=== DATA FOR THE TASK ===

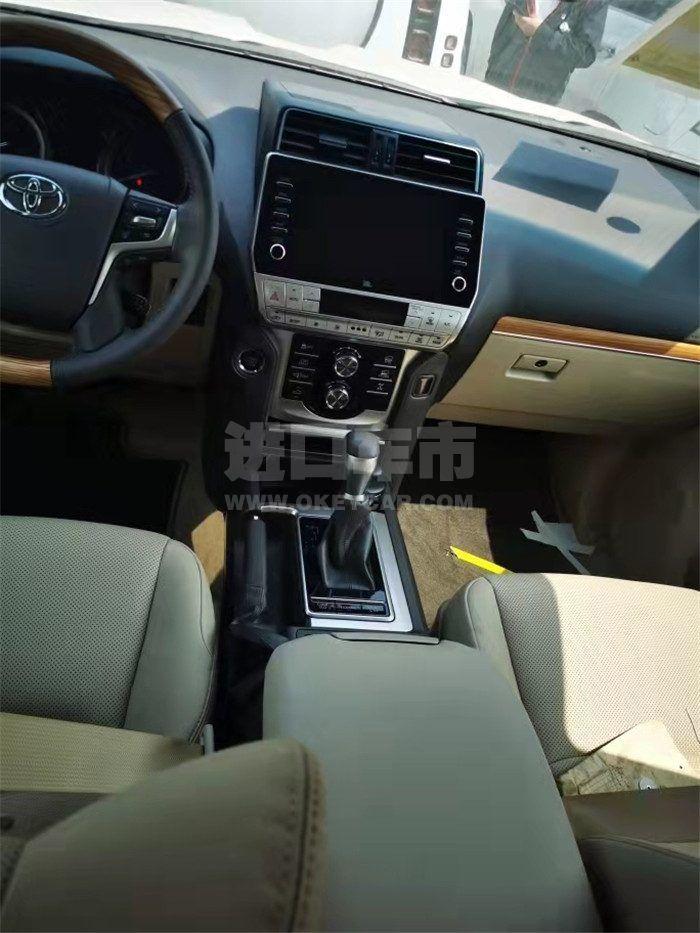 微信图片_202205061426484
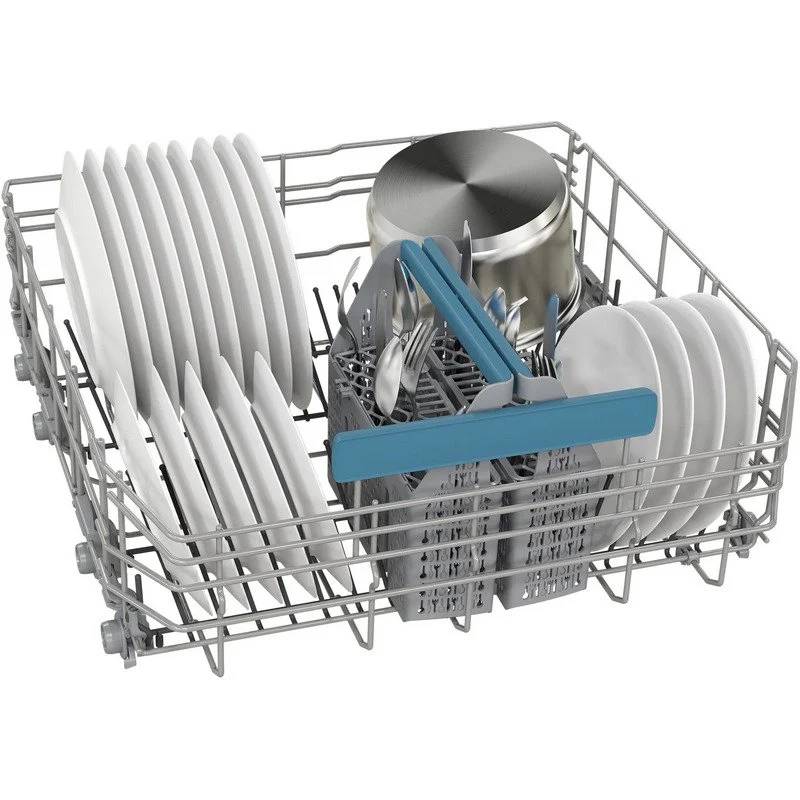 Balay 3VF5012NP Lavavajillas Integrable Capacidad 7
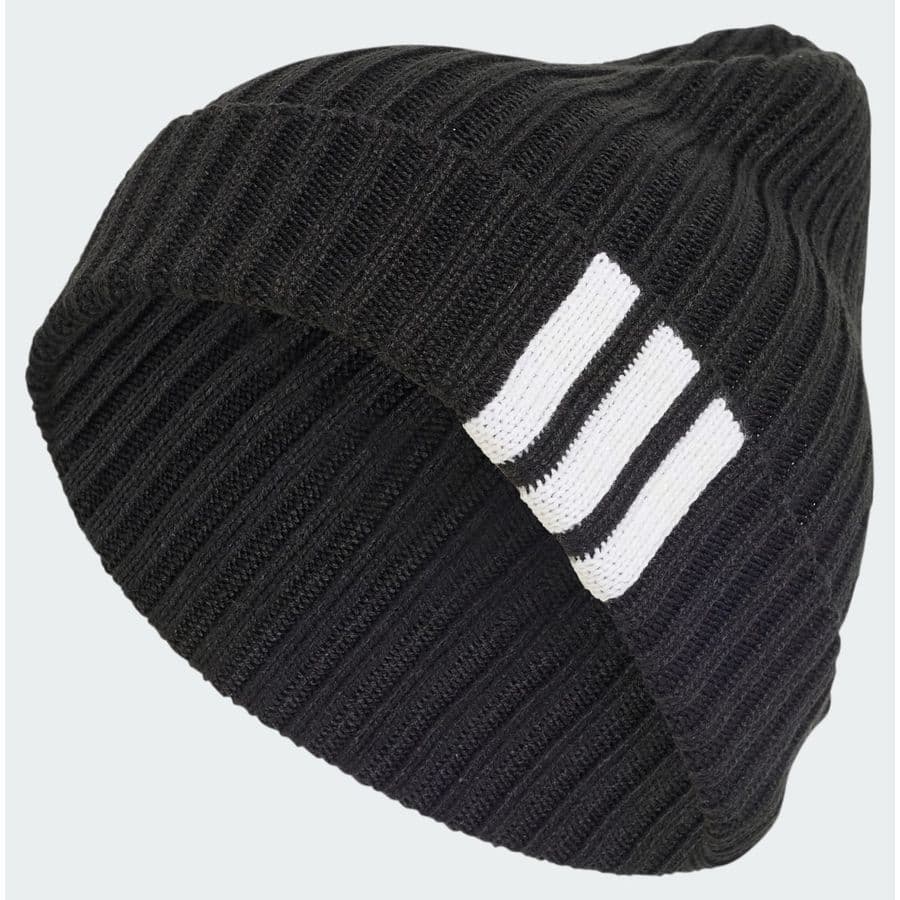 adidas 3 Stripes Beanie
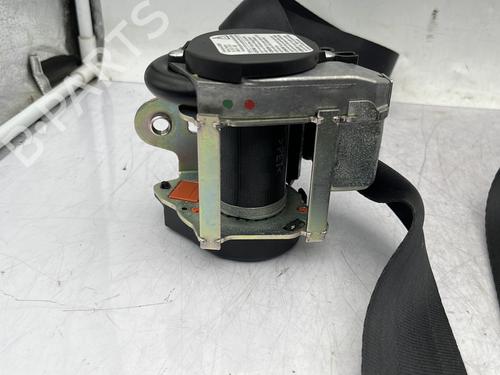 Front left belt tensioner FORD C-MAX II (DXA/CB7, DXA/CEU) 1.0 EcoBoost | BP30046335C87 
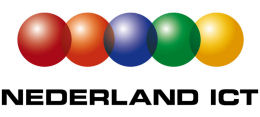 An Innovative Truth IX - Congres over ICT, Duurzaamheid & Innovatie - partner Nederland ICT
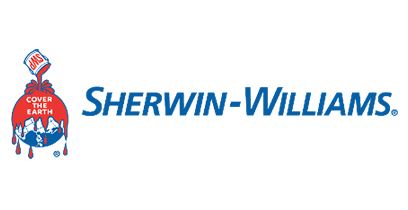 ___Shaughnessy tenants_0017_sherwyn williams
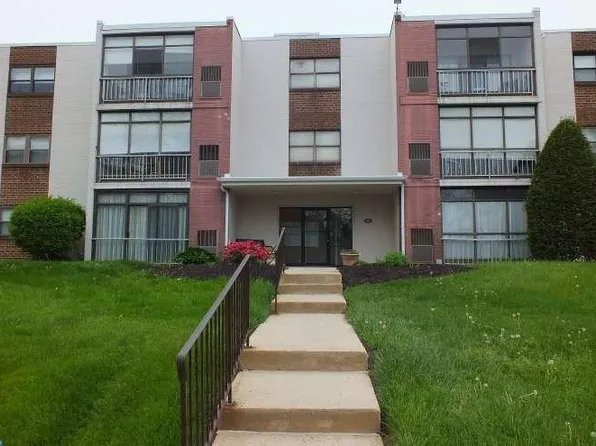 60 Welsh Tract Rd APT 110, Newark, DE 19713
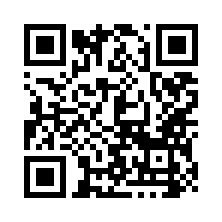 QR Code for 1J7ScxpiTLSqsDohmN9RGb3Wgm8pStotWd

===
=== DATA FOR THE TASK ===

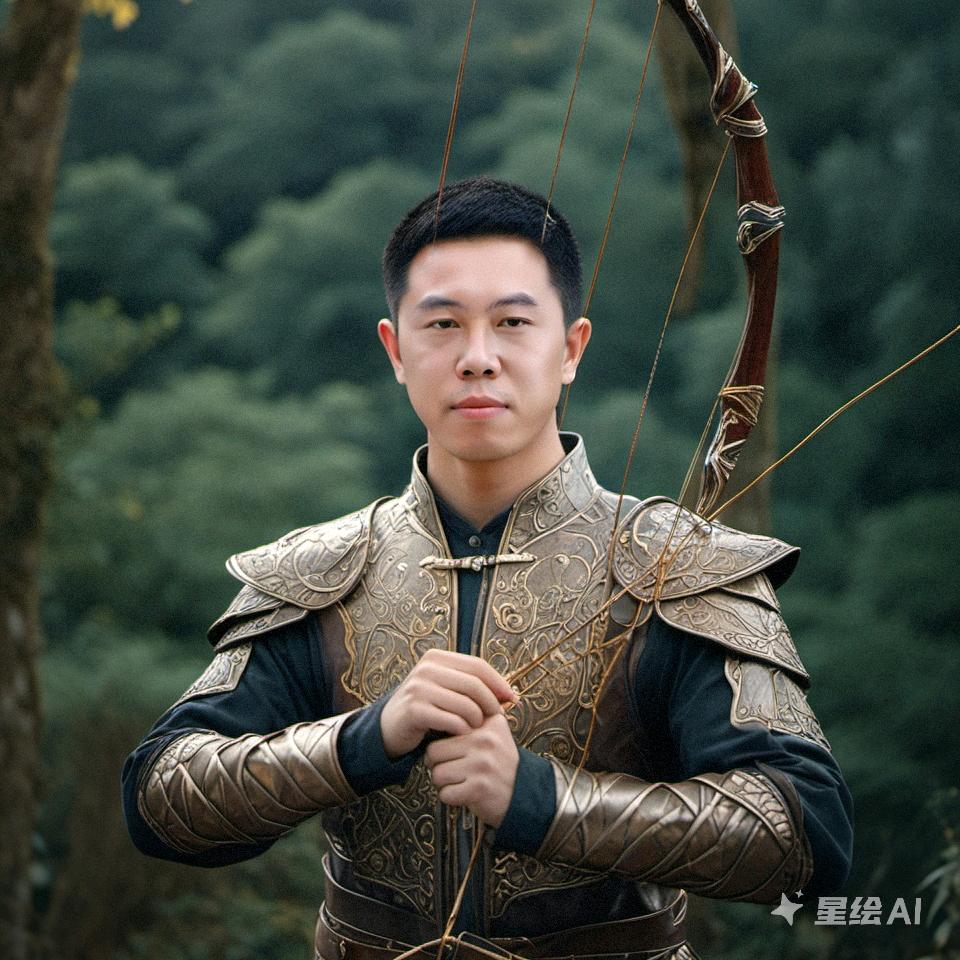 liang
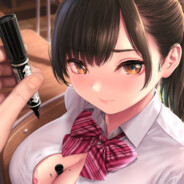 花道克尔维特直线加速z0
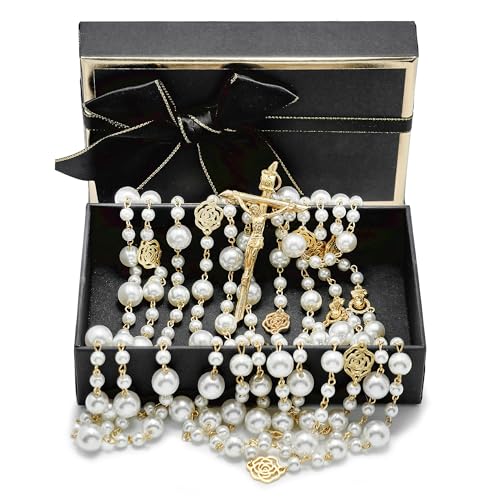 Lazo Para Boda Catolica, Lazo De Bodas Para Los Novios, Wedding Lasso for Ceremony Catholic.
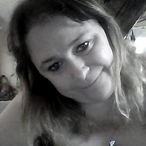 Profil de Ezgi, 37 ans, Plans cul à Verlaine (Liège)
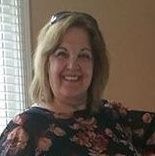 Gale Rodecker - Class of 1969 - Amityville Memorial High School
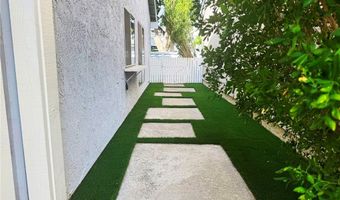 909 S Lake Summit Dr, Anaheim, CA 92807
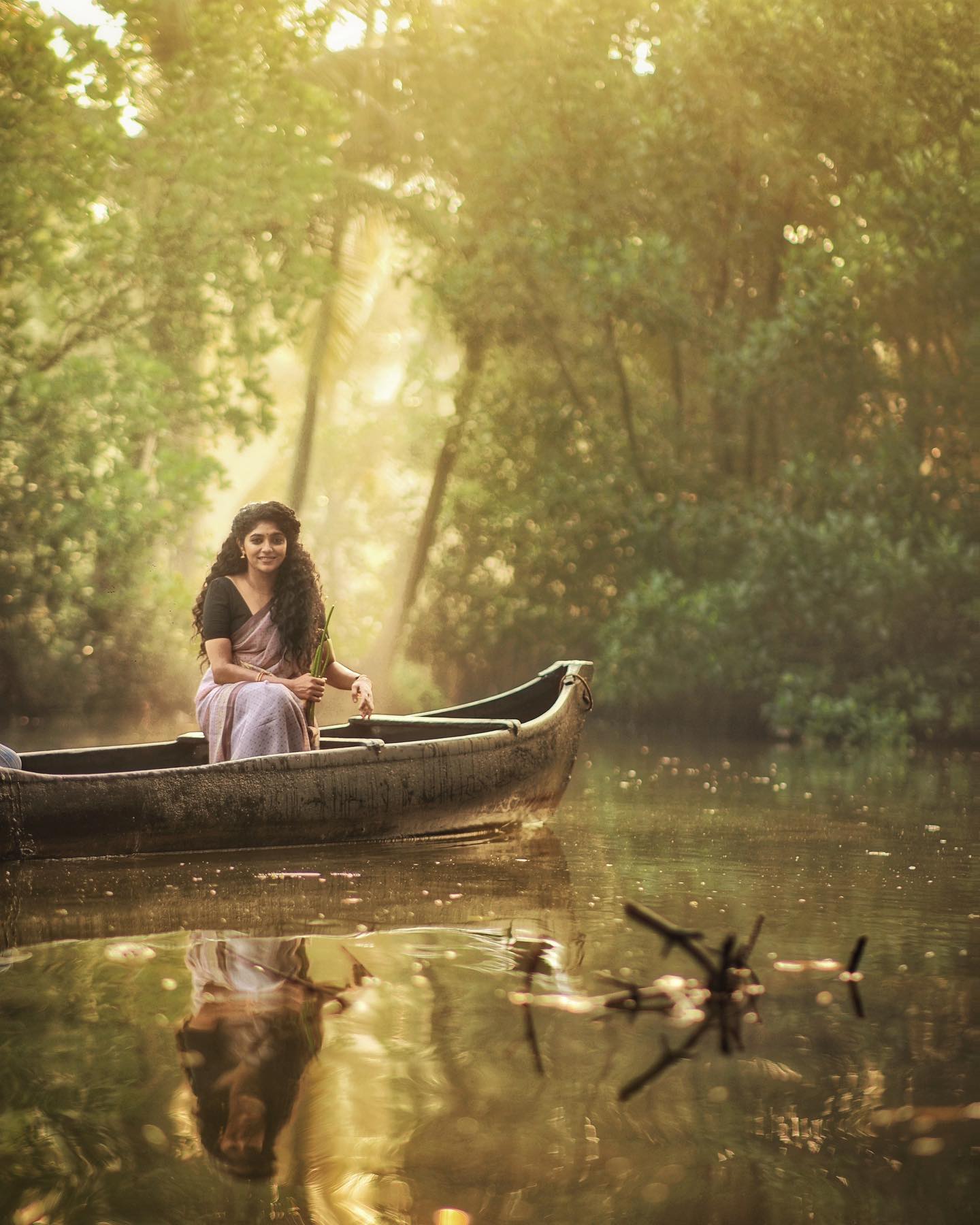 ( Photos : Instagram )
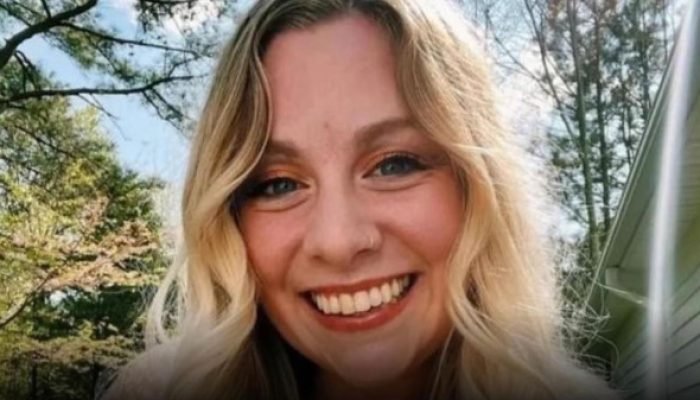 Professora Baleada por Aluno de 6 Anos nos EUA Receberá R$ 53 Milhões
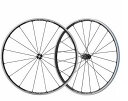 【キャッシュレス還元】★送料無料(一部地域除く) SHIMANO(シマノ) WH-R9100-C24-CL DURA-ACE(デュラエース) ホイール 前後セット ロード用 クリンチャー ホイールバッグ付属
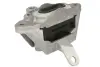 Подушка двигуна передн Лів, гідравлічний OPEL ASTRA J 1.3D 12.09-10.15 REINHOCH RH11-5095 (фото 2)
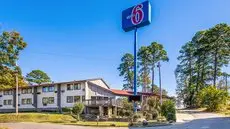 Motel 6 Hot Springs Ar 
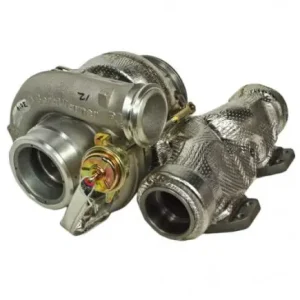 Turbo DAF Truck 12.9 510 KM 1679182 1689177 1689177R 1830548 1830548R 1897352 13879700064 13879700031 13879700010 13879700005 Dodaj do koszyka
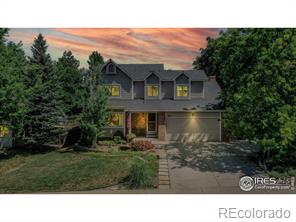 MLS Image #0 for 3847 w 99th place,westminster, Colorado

===

Within the listing above, copy exactly the lines that start at the one with "花道克尔维特直线加速z0" and continue through the one with "Professora Baleada por". Omit pictures.

 花道克尔维特直线加速z0
 Lazo Para Boda Catolica, Lazo De Bodas Para Los Novios, Wedding Lasso for Ceremony Catholic.
 Profil de Ezgi, 37 ans, Plans cul à Verlaine (Liège)
 Gale Rodecker - Class of 1969 - Amityville Memorial High School
 909 S Lake Summit Dr, Anaheim, CA 92807
 ( Photos : Instagram )
 Professora Baleada por Aluno de 6 Anos nos EUA Receberá R$ 53 Milhões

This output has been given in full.